Records provided Start Marker

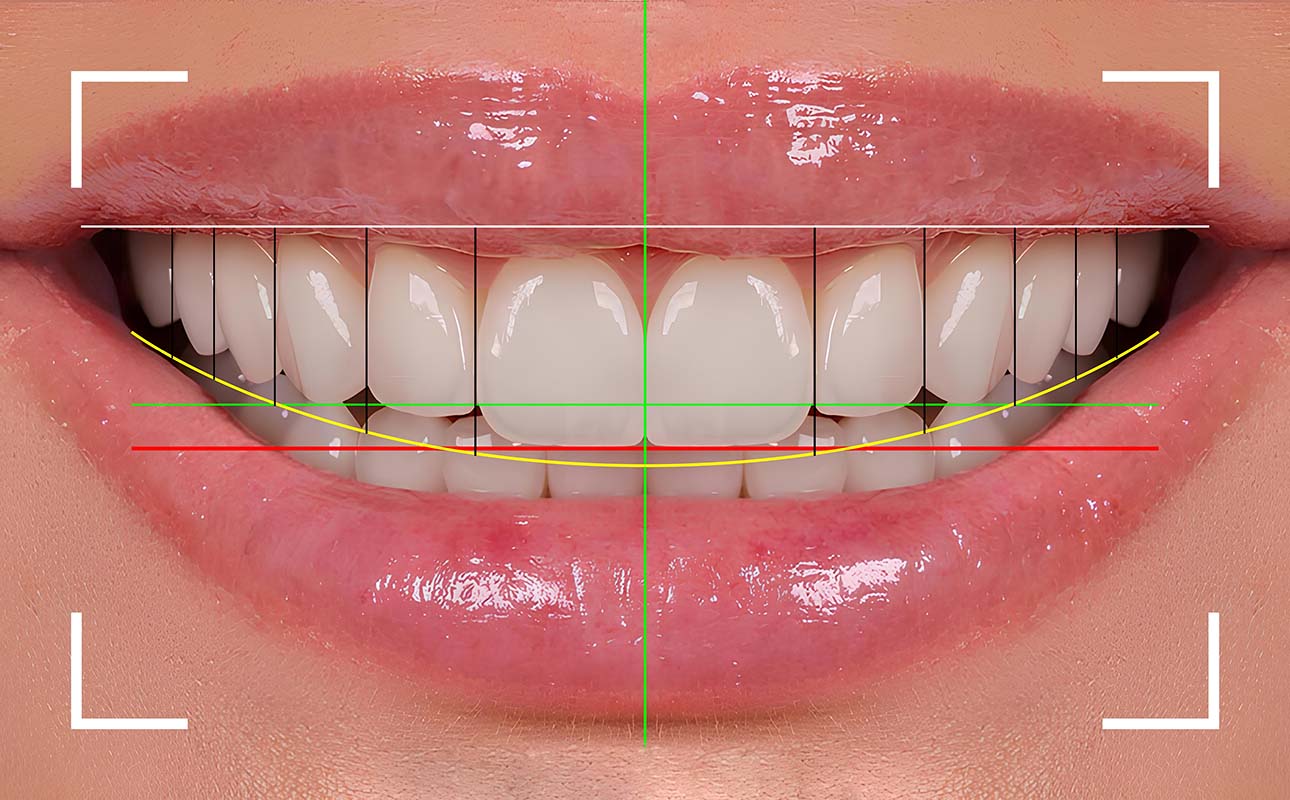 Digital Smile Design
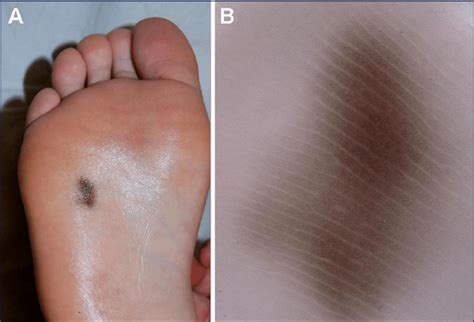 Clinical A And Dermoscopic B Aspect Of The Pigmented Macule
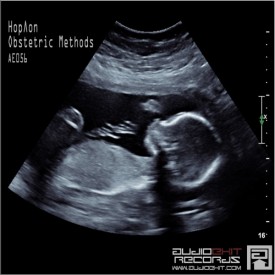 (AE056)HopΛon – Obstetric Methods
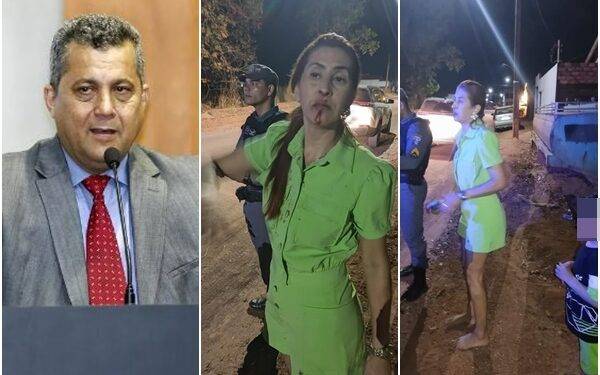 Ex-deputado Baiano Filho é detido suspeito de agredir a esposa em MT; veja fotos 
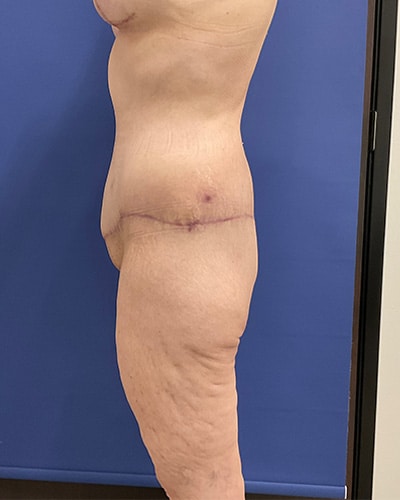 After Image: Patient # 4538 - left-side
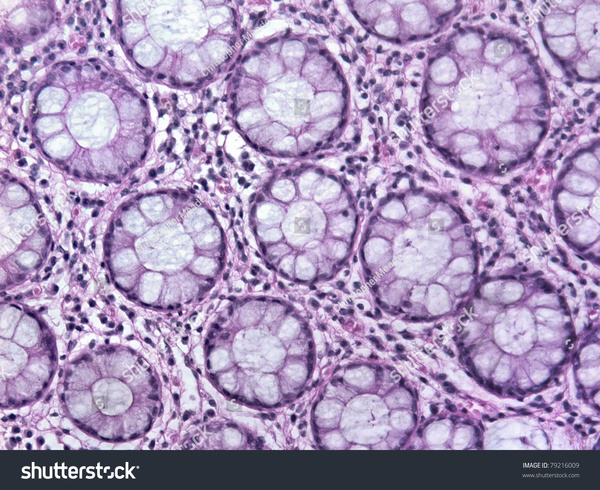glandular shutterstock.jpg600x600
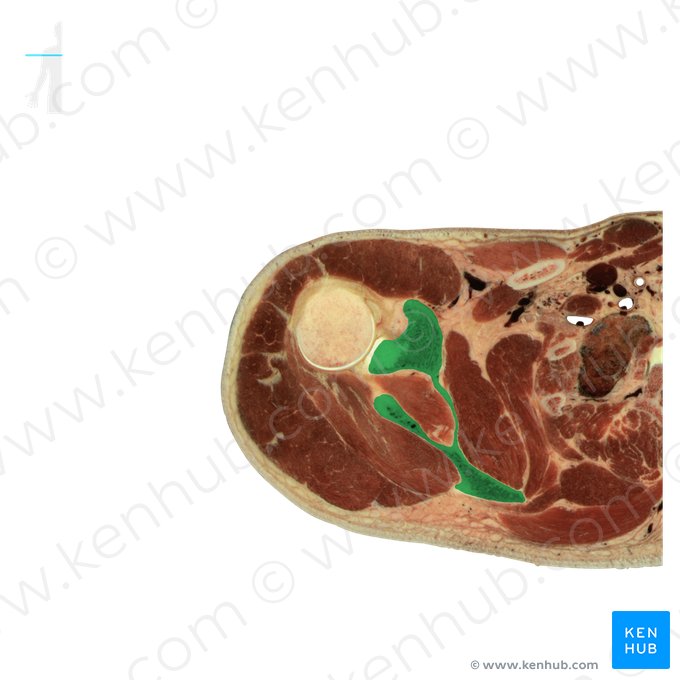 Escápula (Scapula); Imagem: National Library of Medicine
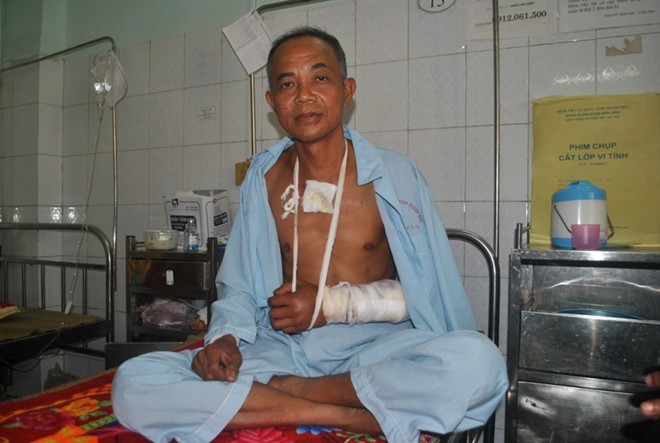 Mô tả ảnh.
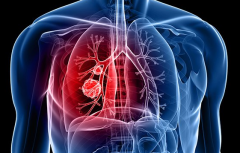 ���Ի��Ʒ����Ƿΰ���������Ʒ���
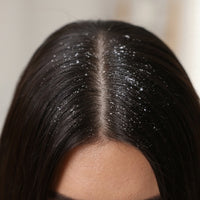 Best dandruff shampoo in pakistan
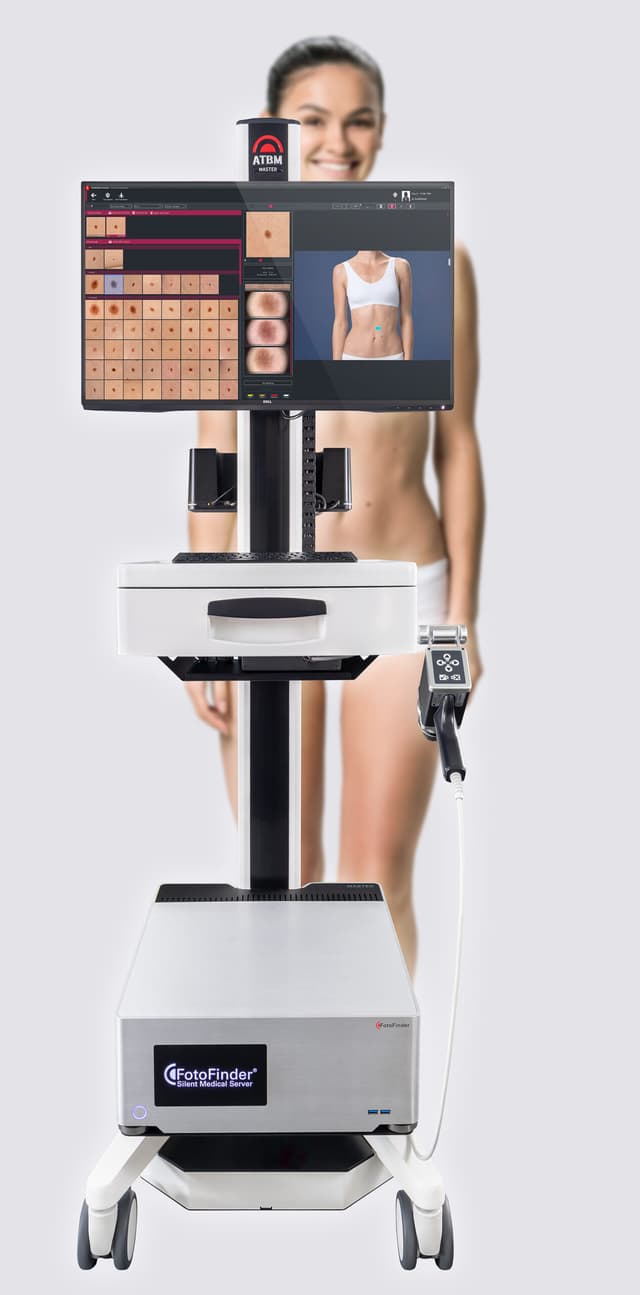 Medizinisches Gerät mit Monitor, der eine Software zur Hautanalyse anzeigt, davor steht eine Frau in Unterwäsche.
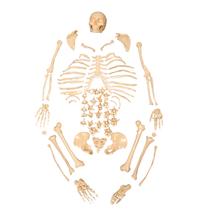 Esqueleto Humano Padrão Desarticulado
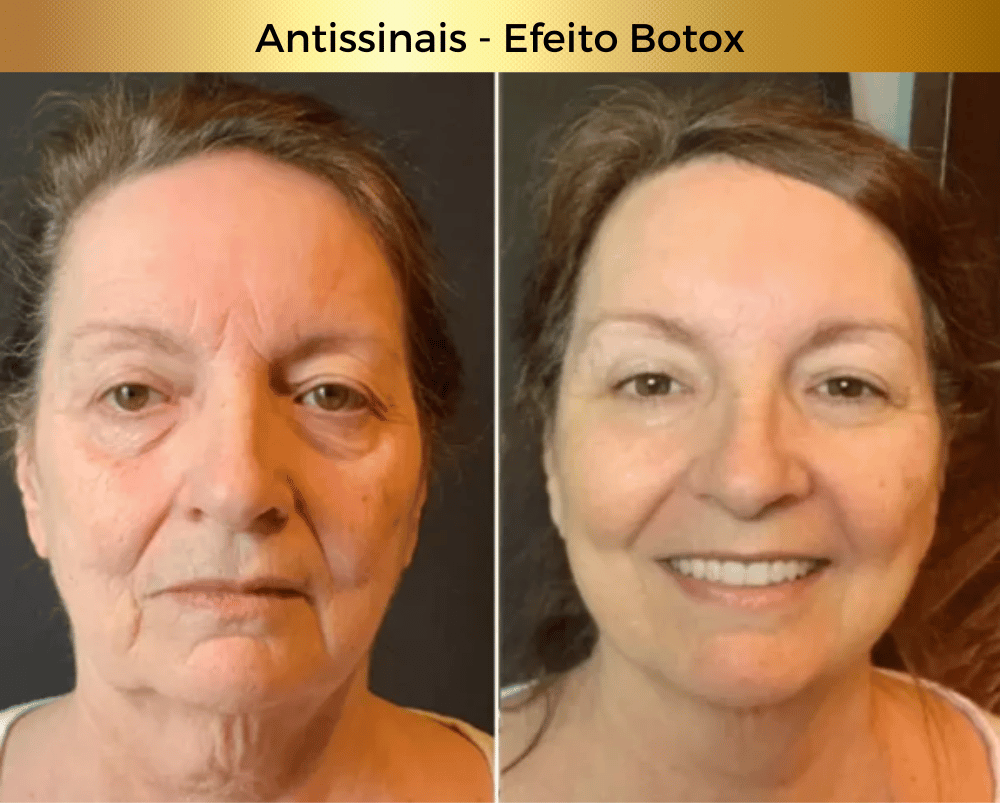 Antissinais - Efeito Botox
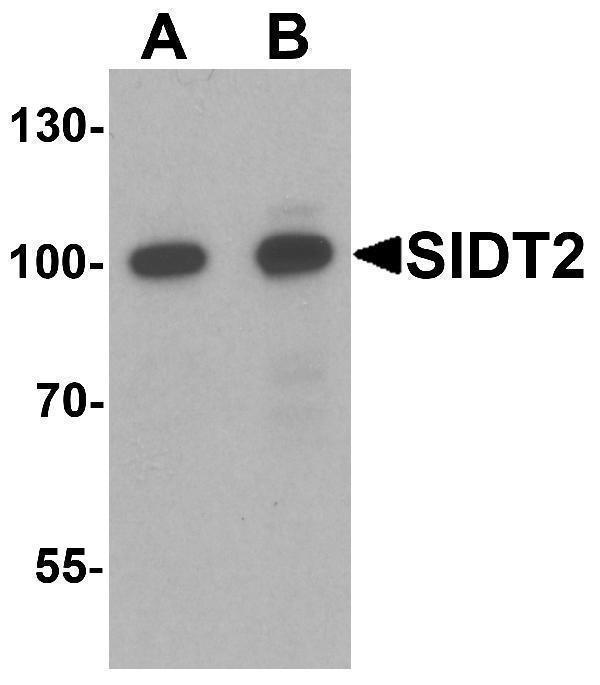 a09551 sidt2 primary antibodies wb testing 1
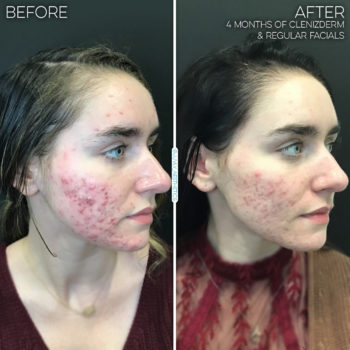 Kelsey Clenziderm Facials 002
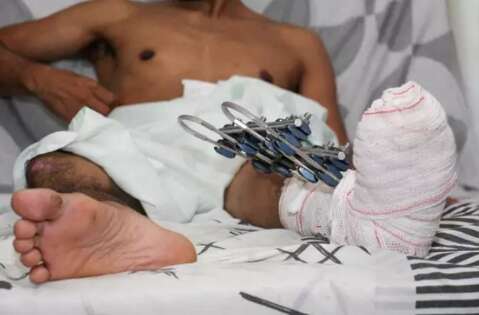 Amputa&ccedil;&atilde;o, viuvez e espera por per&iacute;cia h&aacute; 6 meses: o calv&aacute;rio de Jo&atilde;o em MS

Records provided End Marker

When you reach the line containing "a09551 sidt2 primary antibodies wb testing 1" in the records above, write out that line and every line after it through the end, exactly, but omit the pictures.

## Answer for this exercise
 a09551 sidt2 primary antibodies wb testing 1
 Kelsey Clenziderm Facials 002
 Amputa&ccedil;&atilde;o, viuvez e espera por per&iacute;cia h&aacute; 6 meses: o calv&aacute;rio de Jo&atilde;o em MS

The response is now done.